It may still not be very clear to you how this SAX parser can be used to produce useful results. There are some additional examples in the examples directory of the Erlsom distribution. If you are still not convinced you can try to decipher the source code for the ‘data mapper’ mode (erlsom_parse.erl) – this was also built on top of the SAX parser.

 

SAX Events

startDocument

             

endDocument

Will NOT be sent out in case of an error

 

{startPrefixMapping, Prefix, URI}

Begin the scope of a prefix - URI namespace mapping

Will be sent immediately before the corresponding startElement event.

 

{endPrefixMapping, Prefix}

End the scope of a prefix - URI namespace mapping

Will be sent immediately before the corresponding endElement event.

 

{startElement, Uri, LocalName, Prefix, [Attributes]}

The beginning of an element.

There will be a corresponding endElement (even when the element is

empty).

All three name components will be provided.

 

[Attributes] is a list of attribute records, see sax.hrl.

Namespace attributes (xmlns:*) will not be reported.

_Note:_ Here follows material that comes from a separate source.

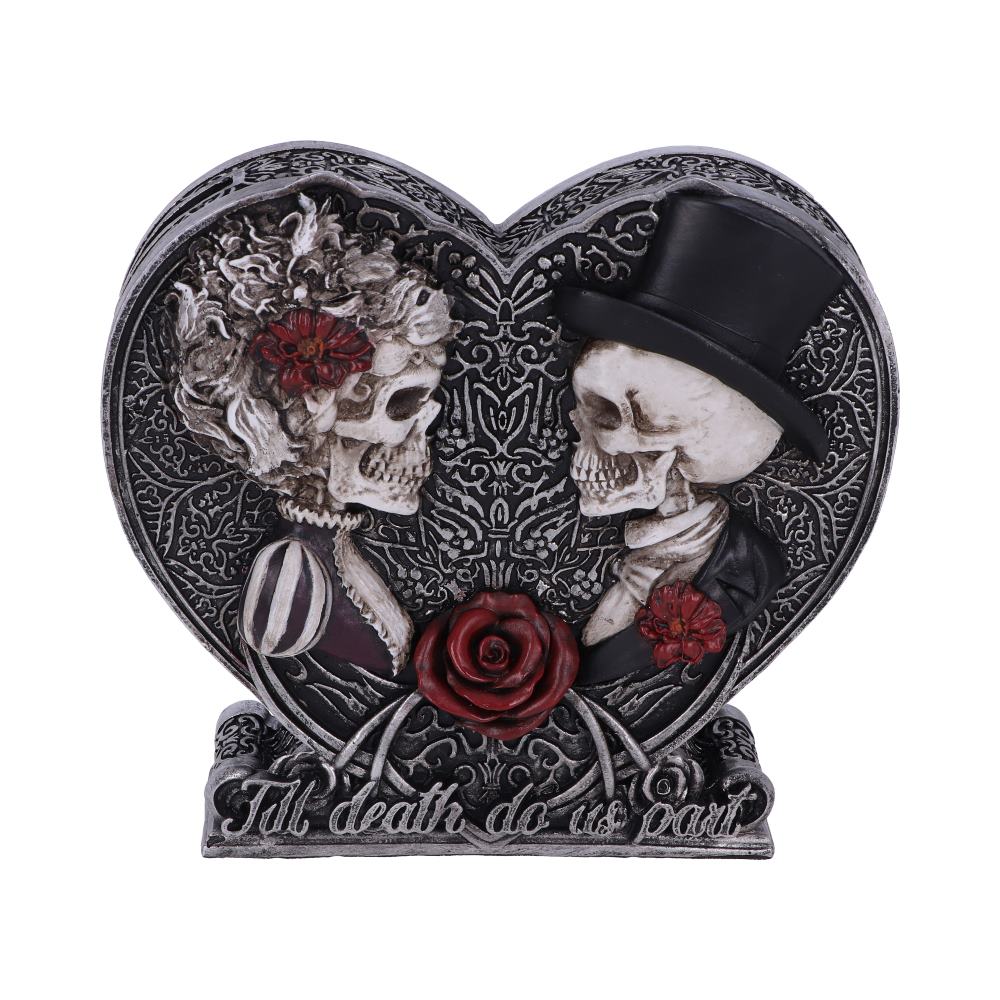 A heart-shaped figurine depicts two skulls, a bride and groom, embracing. It rests on a base inscribed: "Till death do us part."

There will be NO attribute values for defaulted attributes!

 

Providing 'Prefix' in stead of 'Qualified name' is probably not quite

in line with the SAX spec, but it appears to be more convenient.

 

{endElement, Uri, LocalName, Prefix}

The end of an element.

 

{characters, Characters}

Character data.

All character data will be in one chunk, except if there is a

CDATA section included inside a character section. In that case

there will be separate events for the characters before the CDATA, the

CDATA section and the characters following it (if any, of course).

 

{ignorableWhitespace, Characters}

If a character data section (as it would be reported by the 'characters'

event, see above) consists ONLY of whitespace, it will be

reported as ignorableWhitespace.

 

{processingInstruction, Target, Data}

 

{error, Description}

 

{internalError, Description}

 

Simple DOM Mode

This mode translates the XML document to a generic data structure. It doesn’t really follow the DOM standard, but in stead it provides a very simple format. In fact, it is very similar to format that is defined as the ‘simple-form’ in the Xmerl documentation.

 

An example will probably be sufficient to explain it:

 

erlsom:simple_form(Xml).       

{ok,{"foo",

     [{"attr","baz"}],

     [{"bar",[],["x"]},{"bar",[],["y"]}]},

    "\r\n"}

 

Result = {ok, Element, Tail}, where Element = {Tag, Attributes, Content}, Tag is a string (there is an option that allows you to format Tag differently, see the reference section below), Attributes = [{AttributeName, Value}], and Content is a list of Elements and/or strings.

Data Binder Mode

In this mode, Erlsom parses XML documents that are associated with an XSD (or Schema). It checks whether the XML document conforms to the Schema, and it translates the document to an Erlang structure that is based on the types defined in the Schema. This section tries to explain the relation between the Schema and the Erlang data structure that is produced by Erlsom.

 

First a quick example using the same XML that was used for the other modes. Before we can parse the document we need to ‘compile’ the XML Schema (similar to how you might compile a regular expression).

 

10> {ok, Model} = erlsom:compile_xsd_file("minimal.xsd").

{ok,{model,[{typ…

 

Now you can use this compiled model:

 

11> {ok, Result, _} = erlsom:scan(Xml, Model).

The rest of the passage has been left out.